The first talk was discussing the difference between Herod's search for Christ and the Magi's. The Magi didn't know exactly what they were searching for or what they would find. Herod did his research (or had others do it for him) but his motives were impure. The Magi were much more open. Father challenged us to ask ourselves: are we still searching for Christ? And if so, are we searching openly or selfishly?

For the Encounter piece, we talked about the gifts that the Magi brought and each of there significance. The gold was fit for a king and a sign of beauty. Frankincense is a pleasant oil used for worship and the sacrifices of a priest (meant to cover the nasty smell of animal sacrifices back in the day- yuck!)

Father had broken us up into small groups to discuss the gifts and my group got the last gift- myrrh. Another oil, but not as pleasant. It came from kind of a broken looking, nasty, gnarly tree and was used for embalming dead bodies. Fun! What a gift for a king, right? We looked at the symbolism of it and were asked to reflect on how we could offer such a gift.

I thought it interesting that the others in my group were the other single people and my friend G who has been struggling with infertility. Our plights were different from my other friends who were all engaged or married in the other groups. I thought the symbol of myrrh- a strange, different kind of gift- was fitting for the unconventional sacrifices that my small group itself has to offer- our "strange", unconventional struggles of singleness and infertility in a world that expects marriage and babies at this time in our lives.

Father also encouraged us to think about places we search for and encounter Jesus. The Retreat Center where we were is a place where I often encounter God. My friends from CUA and I love going there because it has had so many peaceful, joyful memories involving God and our friendships.

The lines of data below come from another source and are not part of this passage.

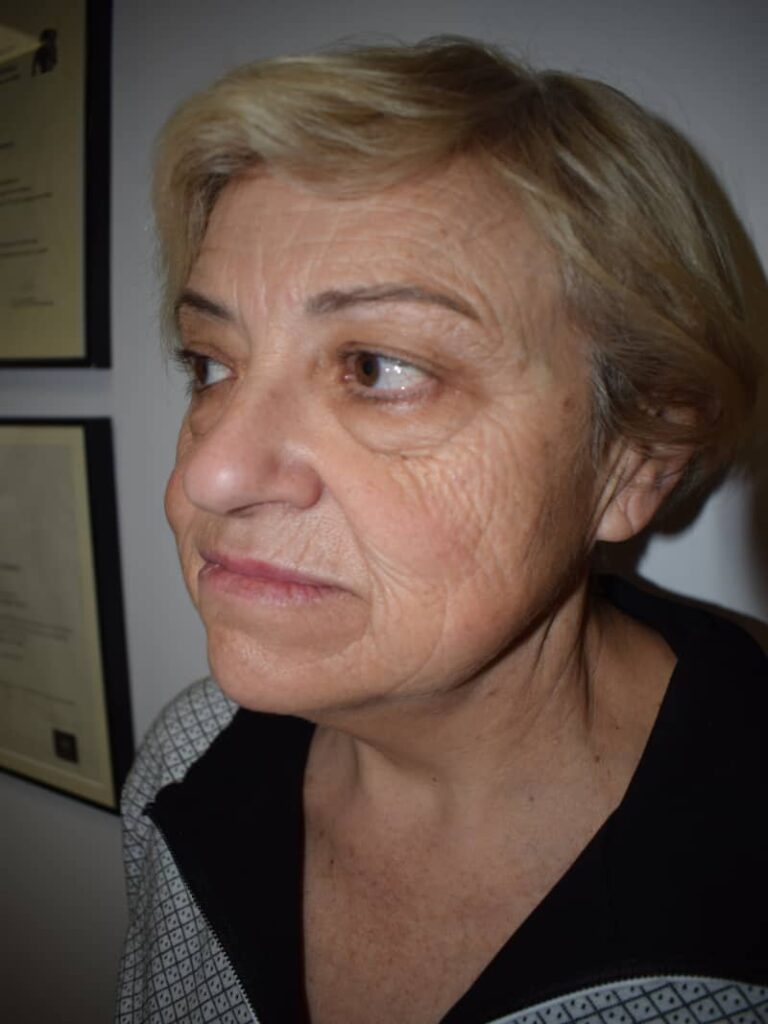 Facelift case 1 before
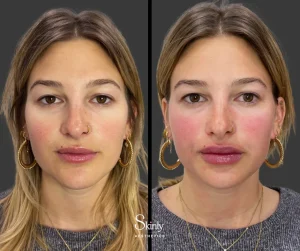 Before and after Russian lip enhancement, showing rejuvenated, smooth lips.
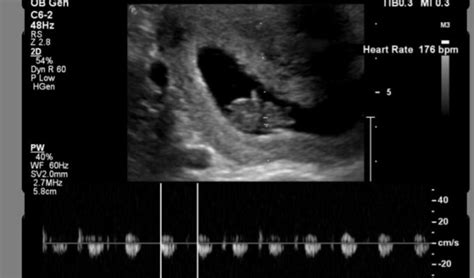 Mioma uterino | BabyCenter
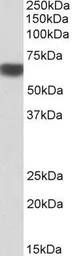 Anti-AMPK alpha 2 antibody, Internal used in Western Blot (WB). GTX88046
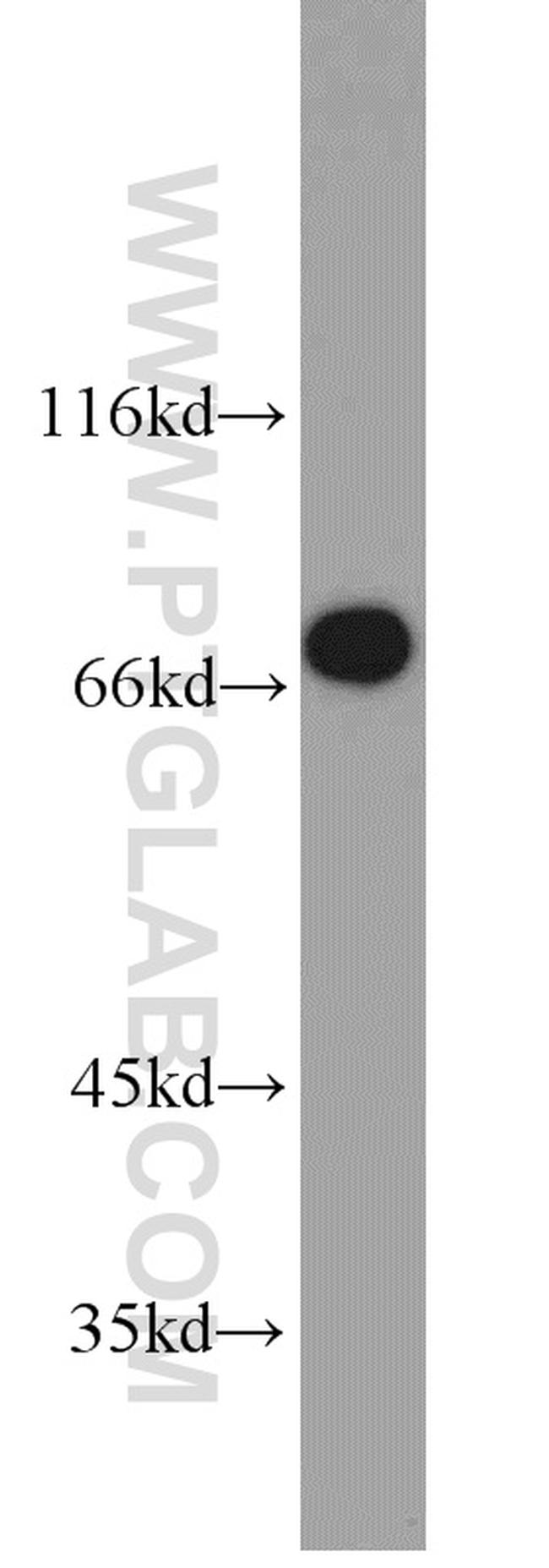 TORC1 Antibody in Western Blot (WB)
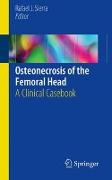 Osteonecrosis of the Femoral Head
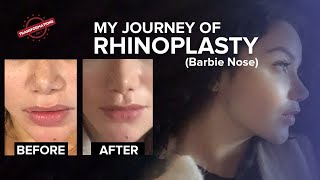 Rhinoplasty Surgery for Barbie Nose | Before and After Result | Cosmetic Surgery in Mumbai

Lastly, Father asked us- how are we going to leave transformed? The Magi departed The Holy Family by a different way than which they came. Were we going to do the same? How?

The retreat overall brought me much joy, but like I said, I'm still unpacking certain pieces. But I"m so grateful, and as always, I can think of no better way to start a new year!

Well, off to....I was GOING to say, starting a new semester, but I'm trying to cut the school-ties so to speak, so I will tell you what I'm ACTUALLY going to be doing right now and that is this:

Watch the Bachelor! haha!

A girl's gotta do what a girl's gotta do...don't judge. (Though I will be judging ALL of the contestants on this show but that's because they are CRAZY :).

Peace,
Julia

Sunday, January 1, 2012

"Twenty-Twelve" has a nice ring to it...

As previously mentioned my roommates from the past 3 or so years and I used to come up with themes to live for each new year.

Before I started living with them, they had still roomed with each other and I believe some of their themes were something like: "the year of high expectations." The years of  "low expectations" and eventually, "no expectations" soon followed...

2009, though, was the year of "positive realism" for us. I had one roommate who would have high hopes all of the time, but maybe not always achievable, realistic goals. I consider myself a realist, so we melded our two mottoes together.

I believe 2010 had something to do with hope, and 2011 I can't recall...I can't seem to recall much of 2011, actually, not because I was in a drug haze or drunk stupor, but just because it went SO FAST!

I texted my old roommates and asked if this year- 2012- could be the year of "wanton bliss." Heh. I was half kidding. I just always try to be so grounded and realistic and the saying goes that "ignorance is bliss." Sometimes, I don't want to analyze stuff (yes I do) and throwing practicality aside to be "ignorantly blissful" sounds fun (I would never want to be ignorant.)

So maybe "wanton, unabashed bliss" is not the best theme for me...but I will keep it in mind! I am toying around a theme with "joy" and I also have been struck lately by the virtues. So perhaps "virtuous joy" will be a theme. I will try to focus on virtue that is being produced in me, rather than suffering or the struggles. And I will try to be joyful and not jealous or envious.

Other new year's resolutions for 2012:

- cook more (gasp!)
- drink less  (I just realized that drinking is what alot of us singles go-to as the thing we "get to do" since we are single. Ie: "oh, you're pregnant? HA. I get to DRINK." "oh, you're getting married? I'll be at the BAR." I don't like that this as our default, so Imma keep that in mind this year)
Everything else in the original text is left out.